From our experience working with clients, here are some effective ways to protect your business and your family:
Keyman insurance policies
In a situation where a key person dies, becomes disabled or retires, the business may have a sudden cashflow problem without the income brought in by that person, and may not be able to pay the monies to the key person’s family members and dependents.
Keyman insurance policies provide insurance against the loss of key personnel in an organisation or company. These may include a director, chief executive officer or key employee. The money is normally paid to the business upon the loss of the key personnel under such a policy.
These can be further structured in ways to maximise tax efficiency, and better allow the business to carry on smoothly without being suddenly stuck with numerous liabilities when the key person is lost.
Premiums from keyman insurance policies can be paid from the company funds. Furthermore, the protection of such policies can be maximised by having the partners within the company to hold the policy in trust for one another, which we will elaborate upon next.
Trust agreements between partners
A trust is a legal instrument where one person (the “trustee”) holds and uses property for the benefit of another person (the “beneficiary”). A trustee must act in good faith for the benefit of the beneficiaries. Where there are more than two partners involved, the most efficient method of organising a buy and sell arrangement is for all the partners to transfer the policies to a trustee to hold on trust for the partners. The trustee can be any one of the partners, or the partner’s solicitor or accountant or some other person considered suitable to be a trustee.
A typical Trust agreement of this nature, for example, would make provision for the use of death claim proceeds to finance the buying and selling of a partner’s share in the event of death. The trustee would be obliged to use the insurance payouts to pay the deceased partner’s personal representative for the price of the shares.
On the other hand, a typical agreement also provides for situations if the partner becomes disabled or retires, so that the proceeds or the policies are appropriately transferred in these circumstances.
You may consider fixing the price of the shares that you and other partners consider to be fair, or to put in place a particular mode of calculating the value of the shares.
These would effectively provide for the needs of the key personnel’s family if anything happens to him or her, while allowing the business to continue effectively.
An insurance trust is set up with a life insurance policy as the asset. The person who is entitled to the proceeds of the policy sets up the Trust so that, in the event of death, trustees hold the money payable under the policy.
The trustees may be subject to various duties, for example, to use the money to support the education of the deceased person’s children, or to pay the money towards various charitable causes. It is also possible to direct the trustees to invest some or all of the money, and then use the proceeds for the purposes laid down under the Trust.
Wills: hampering or helping the business?
Preparing a will is always advisable for anyone who is concerned about Trust and estate planning, even if you are not an SME business owner. However, if shares of a private limited company are covered by a Will, this may potentially hamper the running of a business if one is not careful.

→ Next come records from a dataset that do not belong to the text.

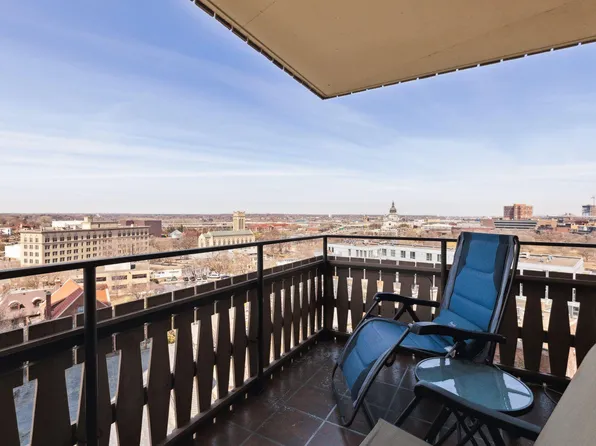 400 Groveland Ave APT 911, Minneapolis, MN 55403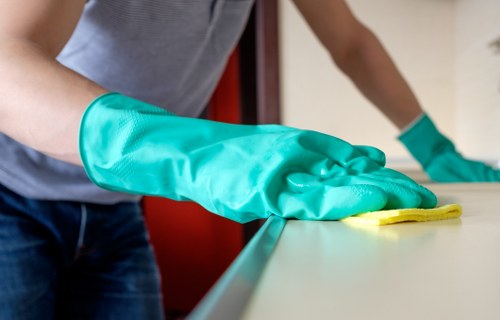 Organized property clearance in a Harringay flat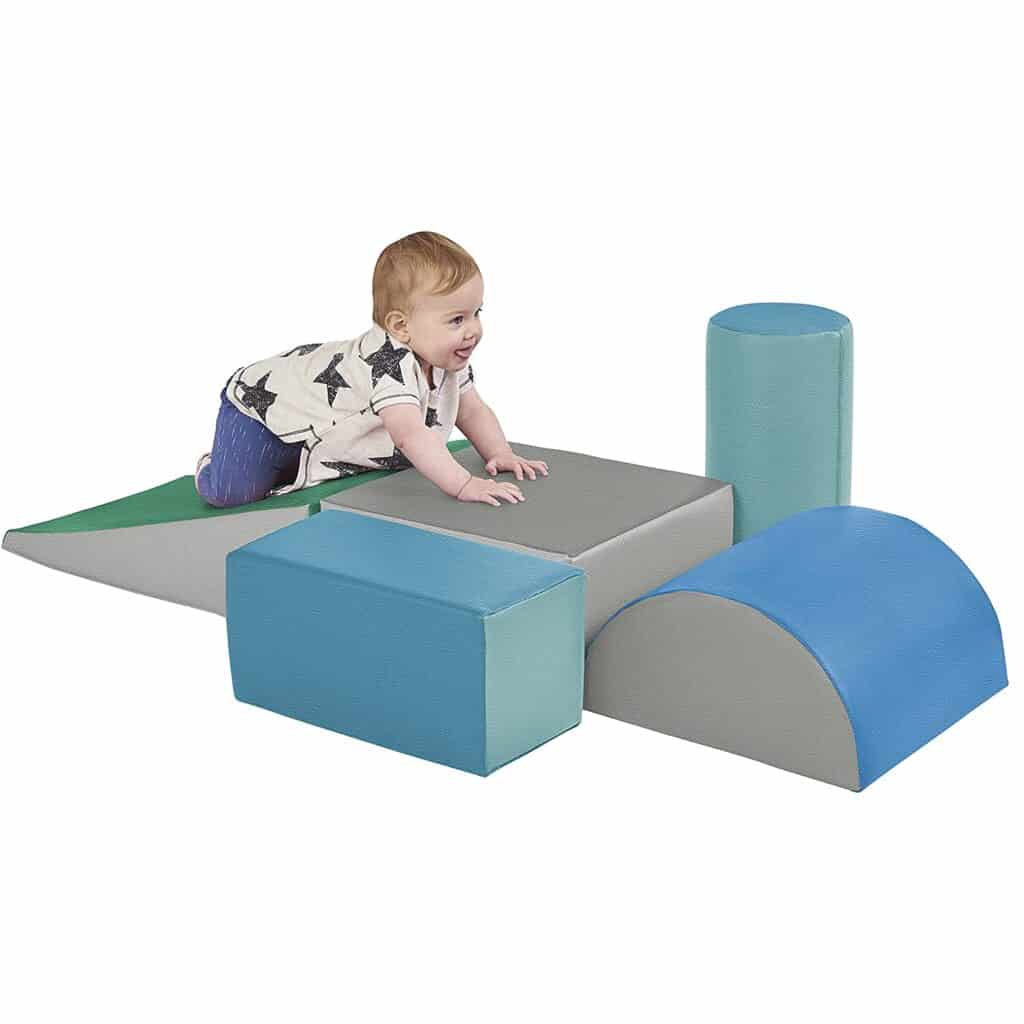 10 Awesome Montessori Climbing Toys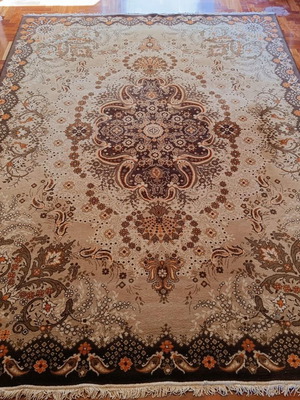 Wool rug used 2.5x3.4 meters with vivid colors
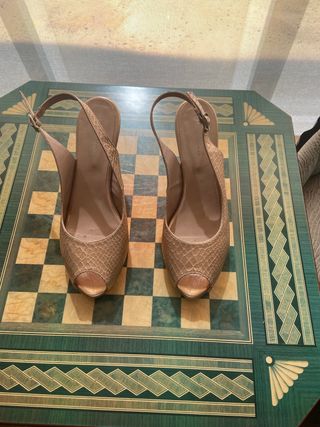 Zapatos de fiesta dorados Marta Gómez talla 39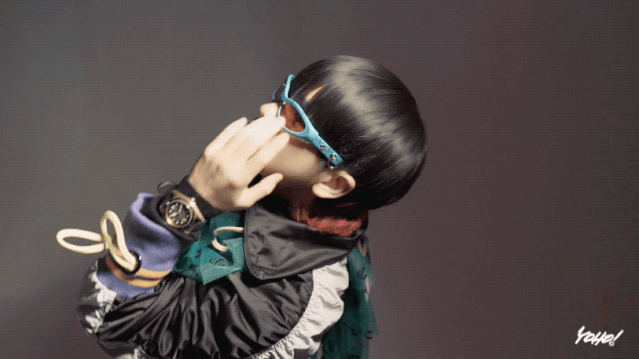 全网少女抢着帮他连网线,而他在「2G时代」认真做音乐 | R1SE周震南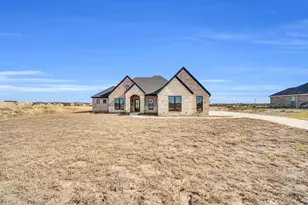 201 Marie Ln, Waxahachie, TX 75167 - Photo 3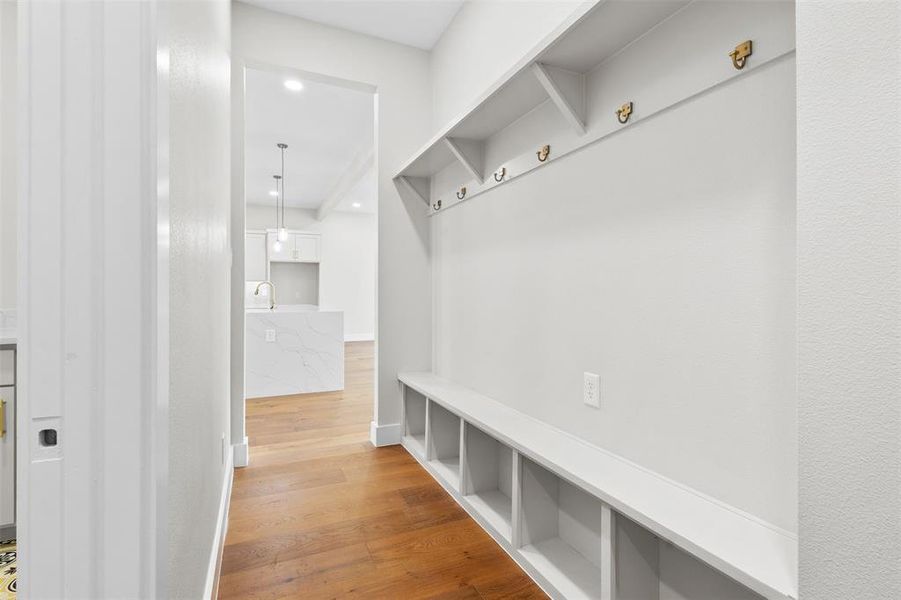 Spacious, unfurnished interior of a new home in , North Richland Hills (Image 30).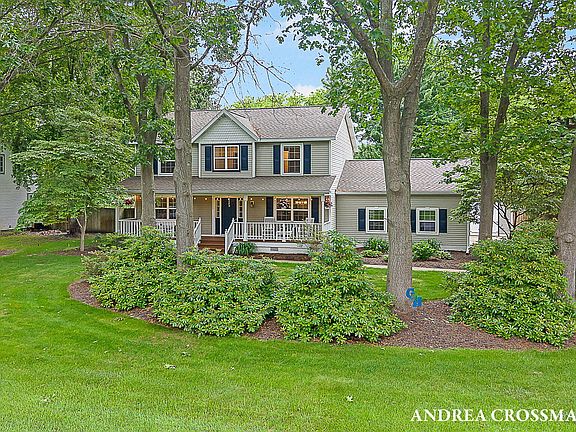 4th image of 15213 Meadowwood Dr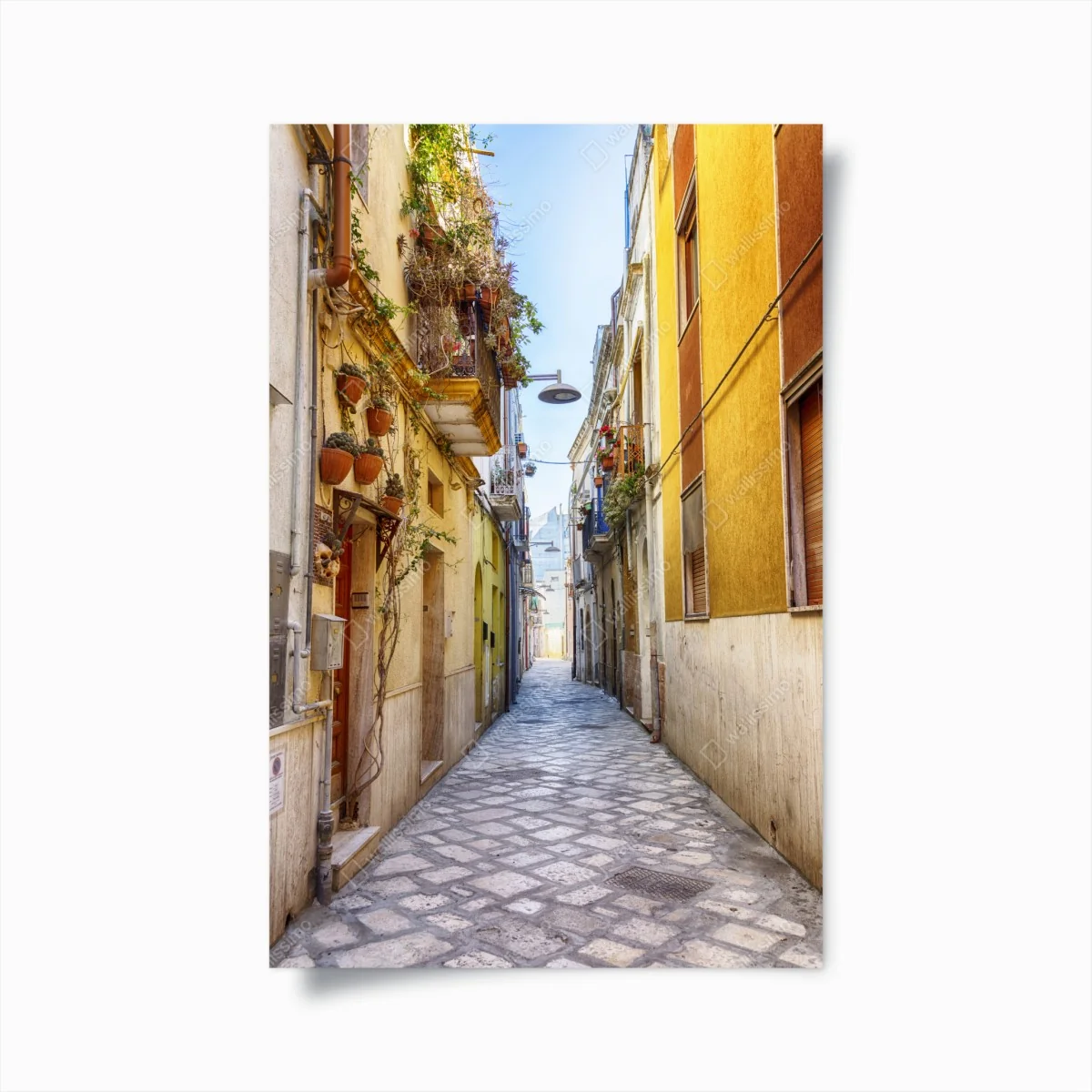 Poster sonnige gasse in Brindisi – Wallnifity® Poster sonnige gasse in Brindisi – Wallnifity®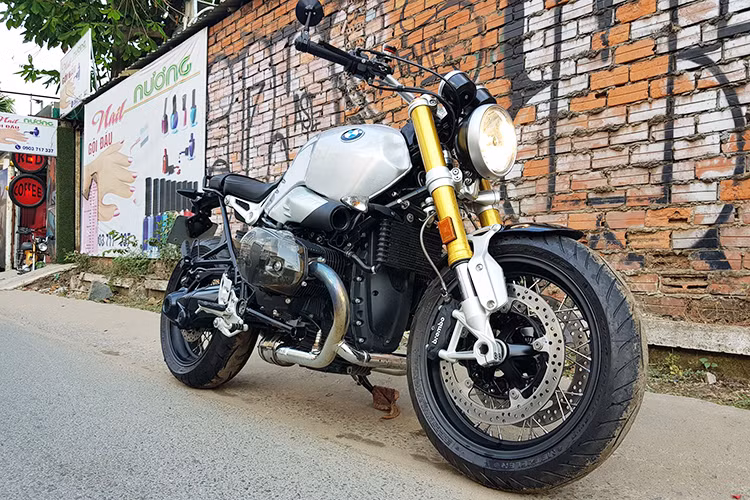 Chủ nhân của chiếc xe môtô BMW R nine T trong bài viết này đang sống tại TP HCM. Với mong muốn chiếc xe trở nên cá tính hơn mà không mất đi vẻ đẹp hoài cổ nguyên bản, anh đã chỉ trang bị cho chiếc xe một số đồ chơi đơn giản nhưng độc đáo - đặc biệt nhất là cụm lốc máy trong suốt của thương hiệu Wunderlich đến từ Đức.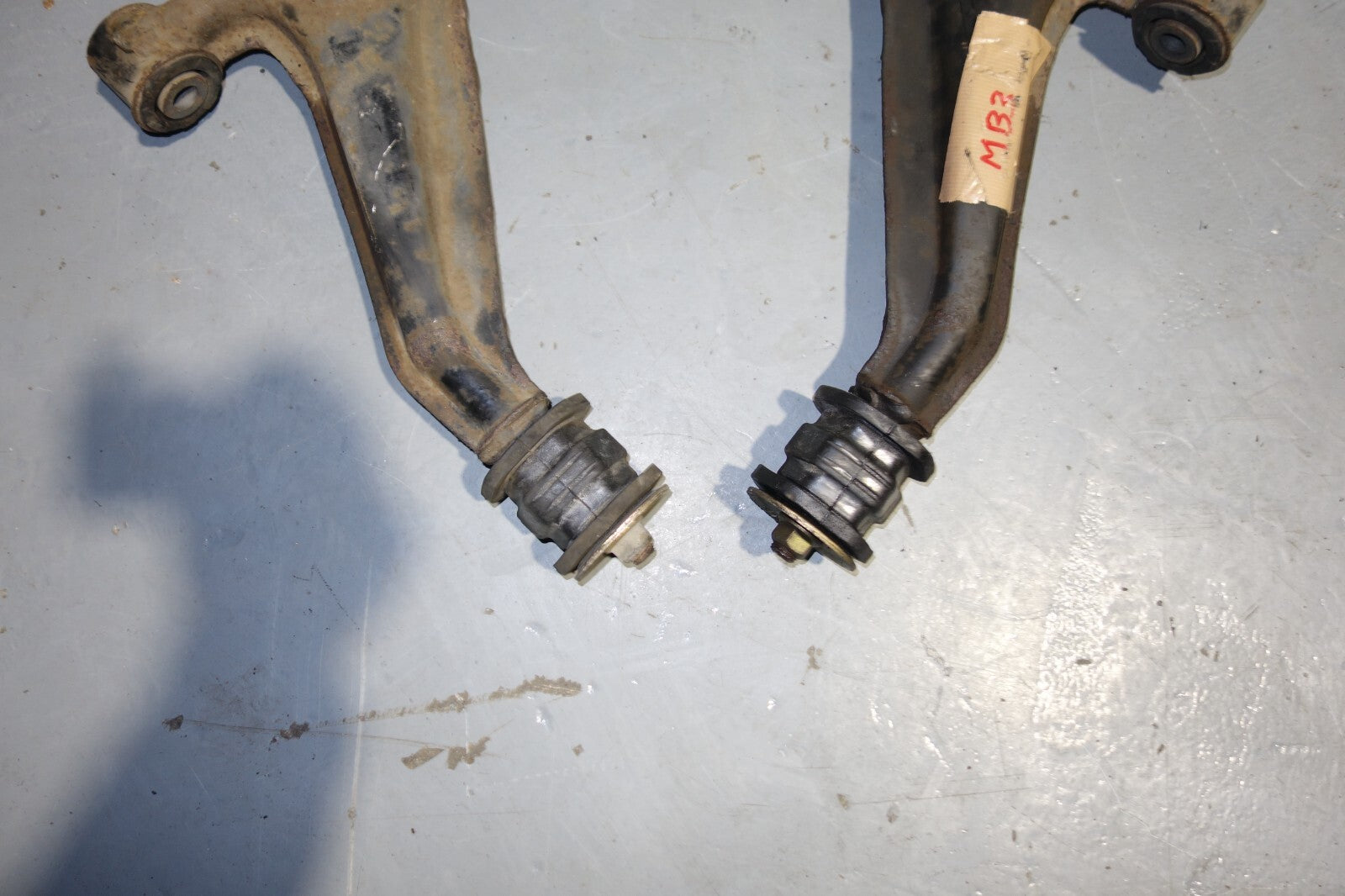 JDM 1996-2000 HONDA DOMANI OEM GENUINE FRONT LOWER CONTROL ARM MB3 MB4 PAIR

This may happen, for example, if the Will requires the shares to be distributed to a majority shareholder’s children, and the children may be unwilling to sell the shares or have different views about the way the company should be run. These may lead to disputes with the existing shareholders and cause a deadlock in the business, affecting everyone negatively in the long run.
On the other hand, with careful planning, a Will could achieve a much better result, by clearly specifying how the shares should be distributed or handled in the event of death.
If you are an SME business owner, you may wish to consult a lawyer and consider how best you should arrange your affairs to better protect your family and business. SME business owners may wish to include various protections for their business in their Wills, such as stating how the payouts under insurance policies should be distributed.
It is often advisable to use more than one of these tools in order to ensure the continuity and sustainability of your business, to protect the interests of yourself and your loved ones both today and in the future.
As no two businesses are the same, you should obtain comprehensive legal advice to consider how your specific needs may be best protected.